Sunday, June 28, 2009

Defensive Driving School


My defensive driving class wasn't that bad this time. It was bad in the way that it was 5 hours long, the room was ice cold on one side and heated on the other side, and it was pretty much lit with strobe lights. But it turns out that I'm now so old that I can kind of reminisce about all the defensive driving classes I've had, and compare them all to each other, grading them on a scale of overall human misery.

Like, was the instructor a pompous, overbearing ass who treated us like pond scum for getting a ticket, acted like a drill sergeant about breaks, lambasted us with threats of dire consequences if we went to the bathroom, like the last time I took the class? No, this class was taught by a sweet old man wearing a bolo tie, whose assistant, his sweet, befuddled and mummified wife, cued him on things he forgot or what he was supposed to lecture on next.

Were there a lot of belligerent, angry strangers, mad about being stuck there for five hours, mad about getting their photo radar tickets, mad about being spied on by the government, mad about the fee, or mad about the bad picture the photo radar took of them, like the last time I took the class?

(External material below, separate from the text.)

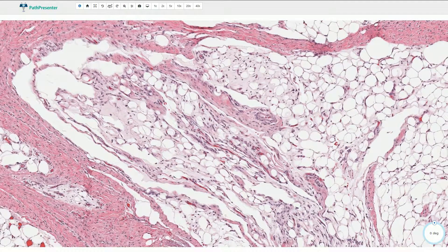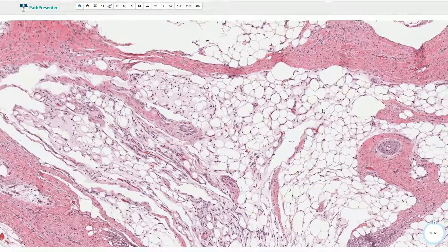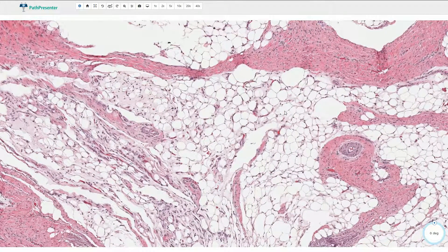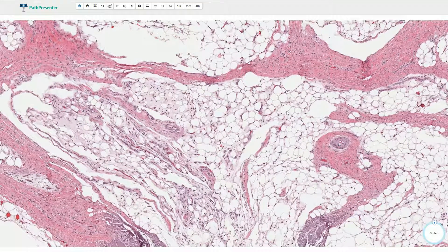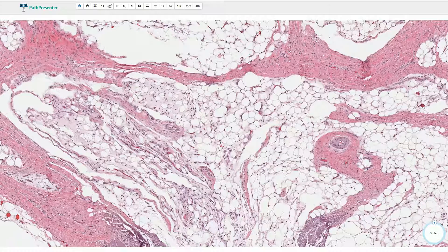Myxoid liposarcoma is the main differential diagnosis. Sometimes the diagnosis can be quite complicated, as it can look very similar. Probably the most useful distinguishing feature is that myxoid liposarcoma is usually not seen in children. However, myxoid liposarcoma is commonly associated with focal nuclear atypia and atypical mitotic figures.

No, I took the class in Scottsdale and it was a pretty mild crowd. We took to our sweet old coot, kind of adopting him. We didn't want to hurt his feelings.

Were there a lot of accident fatality videos intended to scare us to death so that for weeks we'll be paranoid about driving, paranoid about seatbelts, paranoid about kids in the car, strapping them in with extra rope, paranoid about red light runners, paranoid about passengers, paranoid about lawsuits, paranoid about alcohol, even paranoid about driving under the influence of an aspirin? Yes, just like every single time.

So I sat there, refreshing my horror at all the dangers out there, at how my sweet little car, the car I lovingly call my pony is actually a dangerous piece of heavy equipment, then, at 9:30 pm, we were set free to wreak havoc upon the roadways. I creakingly pulled my car out of the parking lot, crept up to the first stop light looking for the horrors of a red light runner, fearfully drove home watching for lane changers, speeders, drunks, drug addicts, rear enders and sideswipers, and especially for photo radar.

Then, after taking about an hour to drive the two miles, I successfully got home.